I don't care what political background you are, anyone can find this book useful. What O'Reilly does is try and help us out by giving us tips on being successful in life. He points out who will most likely look out for us (ie: most friends and family) and who will not (i.e. the government, celebrities, CEOs). He describes his past, like how he got into his profession. He describes what he did wrong (i.e. being arrogant, trying to do everything for himself) and what he did right (i.e. worked very hard and did the best he could at his job).
Who's Looking Out for You is both a summary of various times O'Reilly has taken on authority (on the left, in the middle, and on the right), including during times when the rest of the mainstream media missed the boat, as well as a book of advice on how not to make some of the same mistakes he has made in his career. It's nothing terribly groundbreaking, in terms of the advice, but it is a nice, concise group of considerations that can help a person quickly inventory their own life and possibly avoid some of the same pitfalls he and many other people make.
Some of the more critical parts of the book include:
-Some brief, but enlightening discussion about education and school vouchers
-How President Clinton, regarded as a champion of minorities, was actually one of the worst post-slavery presidents in that regard
-Discussion on his faith and also his problems with the Catholic Church
-Issues regarding the separation of church and state
O'Reilly does miss the boat when he talks about Pope John Paul II, specifically when talking about the Pope's view of the Iraq War. It was the Pope's viewpoint that the war was unjust. He, however, was not speaking infallibly when he made those statements. Catholics, like O'Reilly and myself, were free to disagree with him on that (and both of us did and still do). It is a matter of conscience, in this case, and a person who opposed the war on its merits before the war began has a respectable position, even if some of us don't agree. (The hind-sighters who first supported it and now oppose it do not have such a respectable position.)
All in all this is an enlightening read and well-worth your time. At a little over 200 pages and in a conversational tone, it is not a huge commitment.

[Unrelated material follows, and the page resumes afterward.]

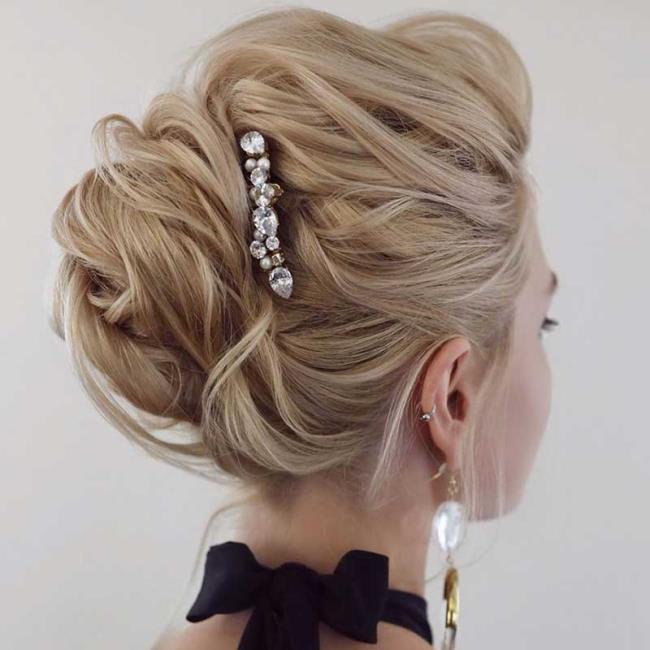 Wedding hairstyles for guests: the 100 most beautiful!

Excellent book. Very engaging and informative. I have not watched O'Reilly's show except for a few isolated minutes and he is really not quite who I thought he was. His chapter on the status of minorities in America was particularly inspiring & enlightening. Great read for anyone interested in the political landscape these days, but also just good for someone young to read. He gives advice about trusting/not trusting people and about how to be the kind of person who isn't a "Looking out for Number One" but who takes care of their own responsibility and reputation while encouraging and helping others along the way.